TEANECK, N.J., Feb. 5, 2014 /PRNewswire/ -- Cognizant Technology Solutions Corporation (NASDAQ: CTSH), a leading provider of information technology, consulting, and business process outsourcing services, today announced its fourth quarter and full year 2013 financial results.

Highlights – Fourth Quarter 2013

  • Quarterly revenue rose to $2.355 billion, up 20.9% from the year-ago quarter and 2.2% sequentially.
  • Quarterly diluted EPS on a GAAP basis was $1.06, compared to $0.92 in the year-ago quarter.
  • Quarterly diluted EPS on a non-GAAP basis, which excludes stock-based compensation expense and acquisition-related charges, was $1.15, compared to $0.99 in the year-ago quarter.
  • Net headcount addition for the quarter was approximately 5,000; year-end headcount was approximately 171,400.

Revenue for the fourth quarter of 2013 rose to $2.355 billion, up 20.9% from $1.948 billion in the fourth quarter of 2012. GAAP net income was $324.3 million, or $1.06 per diluted share, compared to $278.8 million, or $0.92 per diluted share, in the fourth quarter of 2012. Diluted EPS on a non-GAAP basis was $1.15, compared to $0.99 in the fourth quarter of 2012. GAAP operating margin for the quarter was 19.0%. Non-GAAP operating margin was 20.7%, higher than the Company's targeted 19-20% range. Reconciliations of non-GAAP financial measures to GAAP operating results and diluted EPS are included at the end of this release.

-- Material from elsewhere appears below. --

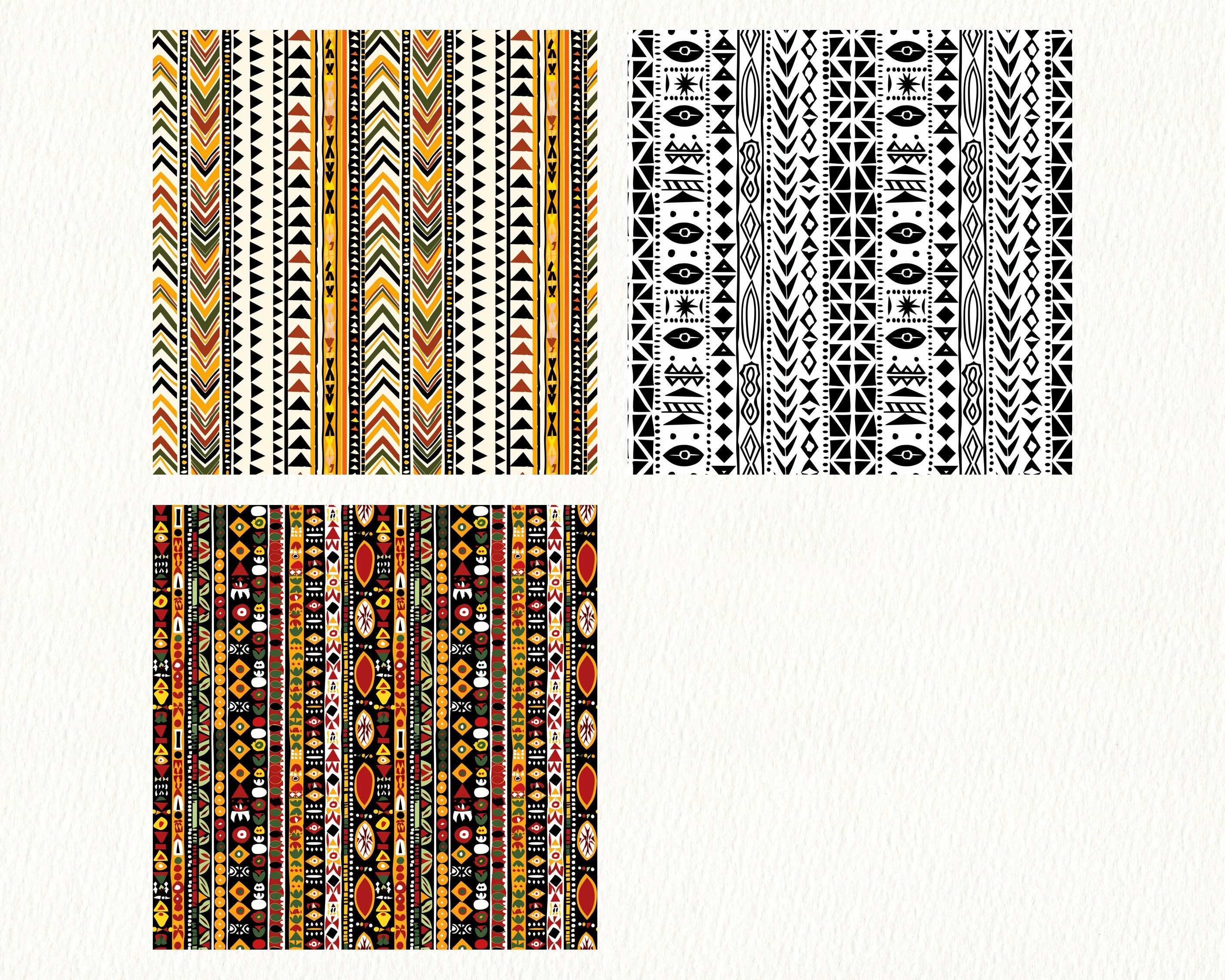 殿堂 Digital Seamless Pattern Tribal Ethiopian Papers Printable - ラッピング・包装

"We are pleased to once again deliver industry-leading revenue growth in 2013," said Francisco D'Souza, Chief Executive Officer of Cognizant. "As we celebrate our 20 year anniversary, I would like to thank our clients who have placed their faith in us, our associates for their wonderful contribution to our growth and success, and our other stakeholders who have played a critical role in our accomplishments. Our strategy through these twenty years has been to challenge the status quo and constantly reinvent for the future, thus positioning us to help our clients build stronger businesses. We believe that we are well positioned to continue to do so in 2014 and beyond."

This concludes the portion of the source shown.